Ooops. I'm confused by the 'modem' word again. I don't have a modem. I have an antenna.

My wireless ISP provider (WISP) beams a signal to my rooftop antenna/router, which is hard wired to my home broadband router/switch, which is wirelessly connected to my Oooma Telo/radio dongle.

So, given 'that' setup (i.e., antenna-router-ooma) ... do I set the Ooma Setup Advanced option to 80% of my upload/download speed or do I set them both to zero?

lbmofo wrote:I personally use http://speedtest.net/ to measure speeds to put in QoS. I don't put in precisely 80%; I go with a number between 90% and 80% but good, clean looking rounded number.
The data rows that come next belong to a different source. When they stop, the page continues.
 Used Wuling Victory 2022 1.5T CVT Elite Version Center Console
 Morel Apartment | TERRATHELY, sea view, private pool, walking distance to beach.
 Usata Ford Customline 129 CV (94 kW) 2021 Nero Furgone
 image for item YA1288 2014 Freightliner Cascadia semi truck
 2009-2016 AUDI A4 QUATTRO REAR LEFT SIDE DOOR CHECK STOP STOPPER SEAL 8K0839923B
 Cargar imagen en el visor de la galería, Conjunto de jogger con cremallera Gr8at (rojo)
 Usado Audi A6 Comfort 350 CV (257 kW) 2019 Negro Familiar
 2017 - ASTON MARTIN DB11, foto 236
OK. I have round numbers of 5Mbps & 3Mbps ... but I'm confused by all this talk of a 'modem' which I just don't have. My setup is very typical for WISP service (I'm in the boonies even though it's very near to Silicon Valley). Do I just substitute "antenna" for "modem" in the suggested algorithm?

If so, then I have "antenna-router-ooma", which would then mean I set the Ooma Setup Advanced to zeros for both upload and download. Is that the correct algorithm?
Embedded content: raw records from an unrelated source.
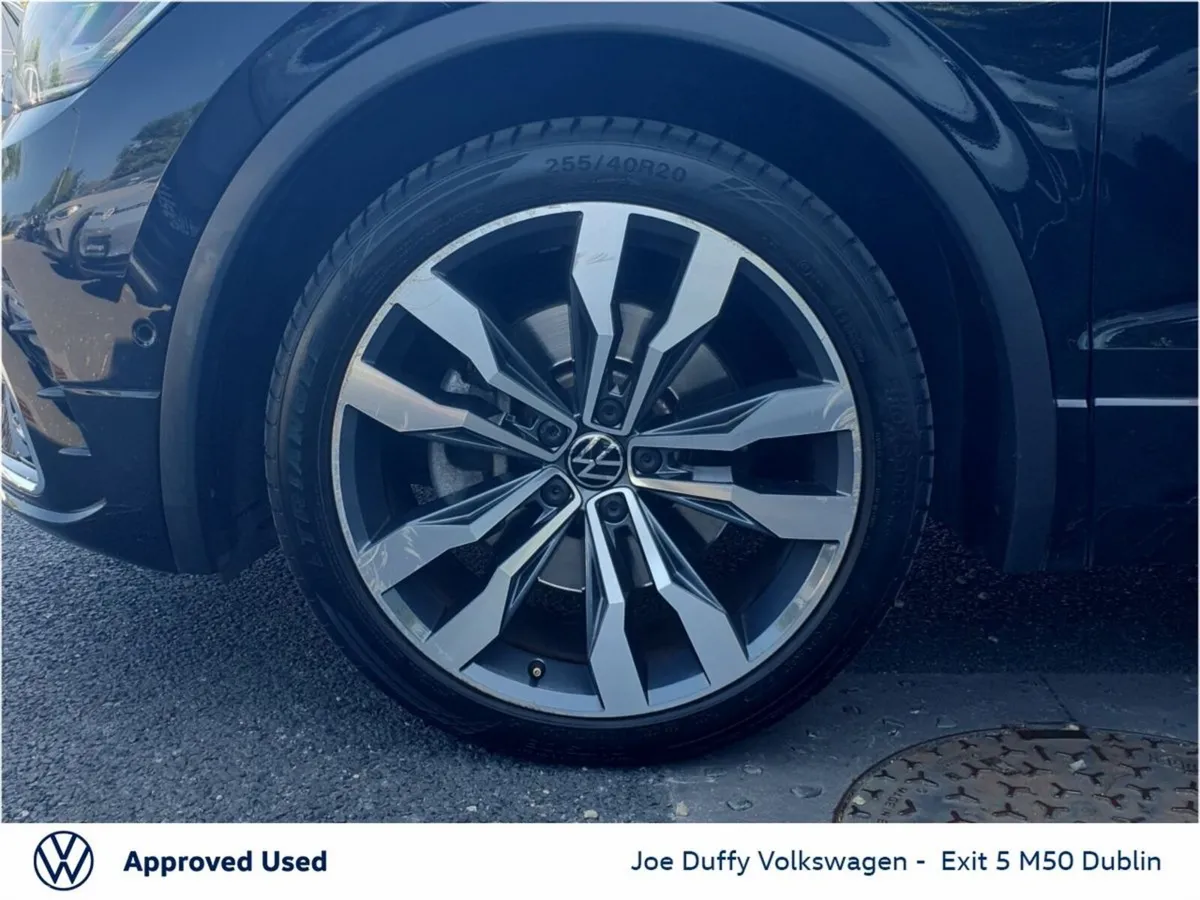 Volkswagen Tiguan SUV, Petrol Plug-in Hybrid, 2023, Black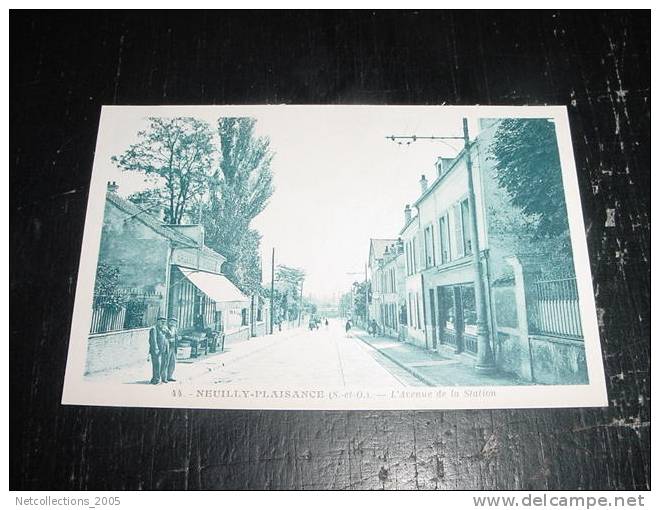 NEUILLY-PLAISANCE L'AVENUE DE LA STATION - 93 SEINE SAINT DENIS - Carte Postale De France - Neuilly Plaisance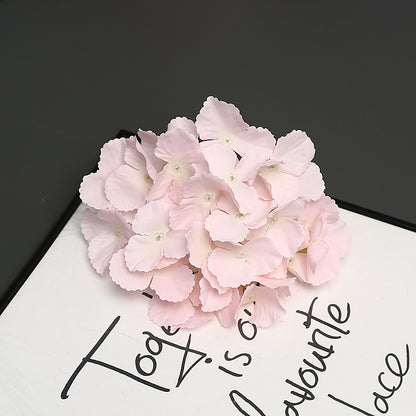 Elegante dekorative Blumenarrangement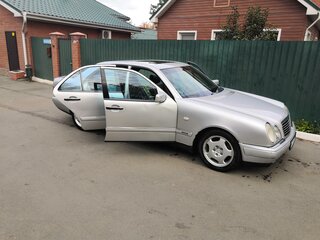 1997 Mercedes-Benz E-Класс 230 II (W210, S210), серебристый, 470000 рублей, вид 2
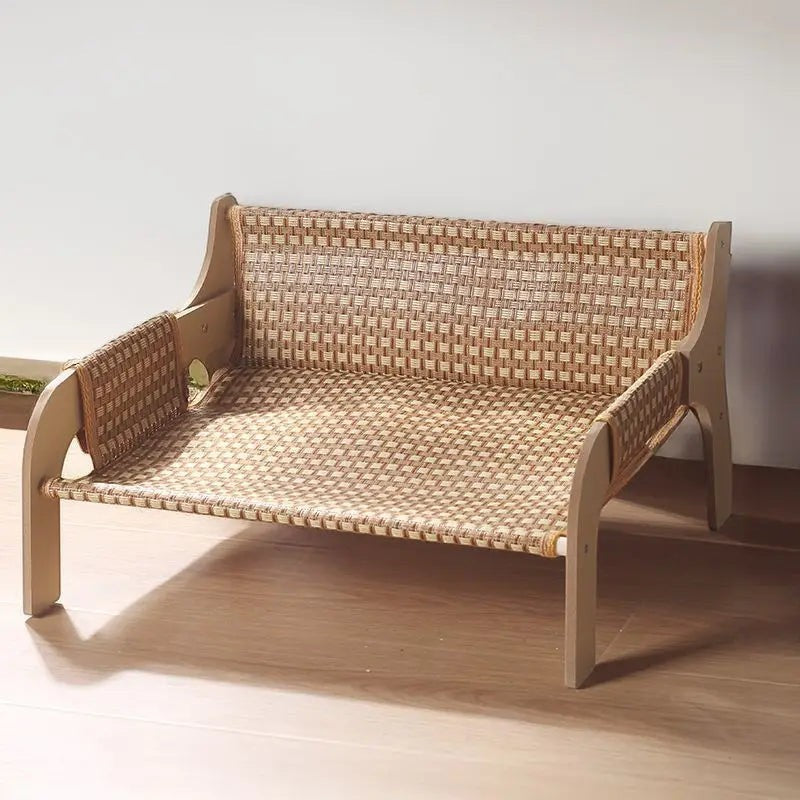 Banc pour chat Esprit Chat en bois clair avec assise et dossier en rotin tressé style naturel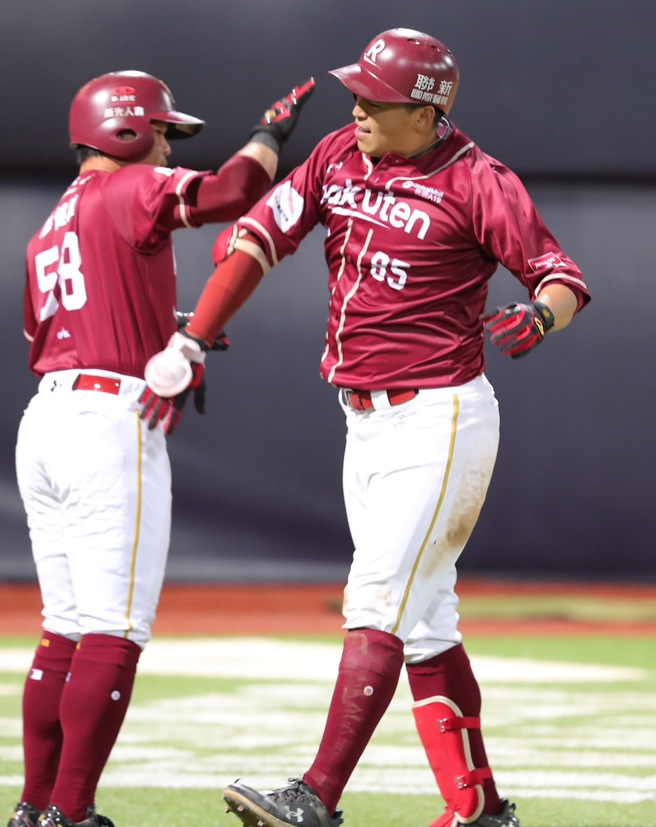 乐天桃猿朱育贤（右）敲出单场双响炮。（季志翔摄）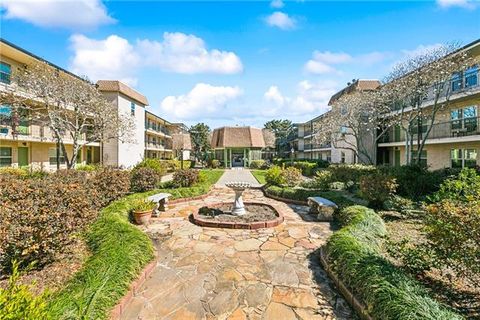 Photo of 2700 Whitney Place Pl #830, Metairie, LA 70002 (MLS # NO2542003)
lbmofo wrote:thunderbird is right in that if your Ooma is between modem and router, set the QoS in Ooma. If Ooma is behind the router, set Ooma QoS to all 0. Do QoS in your router instead based on Ooma IP address/MAC address.


I love the simplicity of this algorithm ... but I have to ask about the fact I don't have a modem. I have an antenna and radio on my roof, which then feeds the Internet signal down to my Linksys WRT54G broadband router by a cat5 cable which terminates at a wall plate. So I connect my home broadband router Internet port to that wall plate.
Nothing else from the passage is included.